------ Dataset entries

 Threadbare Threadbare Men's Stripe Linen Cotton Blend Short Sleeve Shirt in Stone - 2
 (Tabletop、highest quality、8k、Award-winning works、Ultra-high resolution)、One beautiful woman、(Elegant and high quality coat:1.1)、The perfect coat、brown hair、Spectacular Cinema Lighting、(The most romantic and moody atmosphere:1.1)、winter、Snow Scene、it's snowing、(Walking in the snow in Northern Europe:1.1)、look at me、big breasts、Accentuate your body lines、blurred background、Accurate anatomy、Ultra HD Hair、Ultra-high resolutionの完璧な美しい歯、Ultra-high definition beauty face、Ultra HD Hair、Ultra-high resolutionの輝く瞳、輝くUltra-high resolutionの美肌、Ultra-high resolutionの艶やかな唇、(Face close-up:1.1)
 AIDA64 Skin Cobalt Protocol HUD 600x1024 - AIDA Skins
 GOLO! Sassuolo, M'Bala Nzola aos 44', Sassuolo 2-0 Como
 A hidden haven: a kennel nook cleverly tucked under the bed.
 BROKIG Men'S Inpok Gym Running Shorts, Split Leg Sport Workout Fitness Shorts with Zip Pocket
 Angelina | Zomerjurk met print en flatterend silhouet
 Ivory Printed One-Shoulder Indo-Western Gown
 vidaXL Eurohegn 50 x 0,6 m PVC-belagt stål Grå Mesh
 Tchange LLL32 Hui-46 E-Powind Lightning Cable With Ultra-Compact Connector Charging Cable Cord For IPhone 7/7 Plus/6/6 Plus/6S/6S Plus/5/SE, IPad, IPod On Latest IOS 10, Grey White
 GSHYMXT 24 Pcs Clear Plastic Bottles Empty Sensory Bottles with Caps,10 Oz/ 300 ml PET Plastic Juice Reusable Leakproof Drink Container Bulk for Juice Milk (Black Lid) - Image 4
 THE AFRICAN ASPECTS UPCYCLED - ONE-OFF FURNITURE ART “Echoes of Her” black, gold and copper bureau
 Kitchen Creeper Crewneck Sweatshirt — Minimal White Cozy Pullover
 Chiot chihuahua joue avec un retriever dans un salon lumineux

------------

• **Task to complete**:
Only the lines from the one that contains "(Tabletop、highest quality、8k、Award-winning works、Ultra-high" to the end of the data should be output, exactly as they appear.

• **Response for this exercise**:
 (Tabletop、highest quality、8k、Award-winning works、Ultra-high resolution)、One beautiful woman、(Elegant and high quality coat:1.1)、The perfect coat、brown hair、Spectacular Cinema Lighting、(The most romantic and moody atmosphere:1.1)、winter、Snow Scene、it's snowing、(Walking in the snow in Northern Europe:1.1)、look at me、big breasts、Accentuate your body lines、blurred background、Accurate anatomy、Ultra HD Hair、Ultra-high resolutionの完璧な美しい歯、Ultra-high definition beauty face、Ultra HD Hair、Ultra-high resolutionの輝く瞳、輝くUltra-high resolutionの美肌、Ultra-high resolutionの艶やかな唇、(Face close-up:1.1)
 AIDA64 Skin Cobalt Protocol HUD 600x1024 - AIDA Skins
 GOLO! Sassuolo, M'Bala Nzola aos 44', Sassuolo 2-0 Como
 A hidden haven: a kennel nook cleverly tucked under the bed.
 BROKIG Men'S Inpok Gym Running Shorts, Split Leg Sport Workout Fitness Shorts with Zip Pocket
 Angelina | Zomerjurk met print en flatterend silhouet
 Ivory Printed One-Shoulder Indo-Western Gown
 vidaXL Eurohegn 50 x 0,6 m PVC-belagt stål Grå Mesh
 Tchange LLL32 Hui-46 E-Powind Lightning Cable With Ultra-Compact Connector Charging Cable Cord For IPhone 7/7 Plus/6/6 Plus/6S/6S Plus/5/SE, IPad, IPod On Latest IOS 10, Grey White
 GSHYMXT 24 Pcs Clear Plastic Bottles Empty Sensory Bottles with Caps,10 Oz/ 300 ml PET Plastic Juice Reusable Leakproof Drink Container Bulk for Juice Milk (Black Lid) - Image 4
 THE AFRICAN ASPECTS UPCYCLED - ONE-OFF FURNITURE ART “Echoes of Her” black, gold and copper bureau
 Kitchen Creeper Crewneck Sweatshirt — Minimal White Cozy Pullover
 Chiot chihuahua joue avec un retriever dans un salon lumineux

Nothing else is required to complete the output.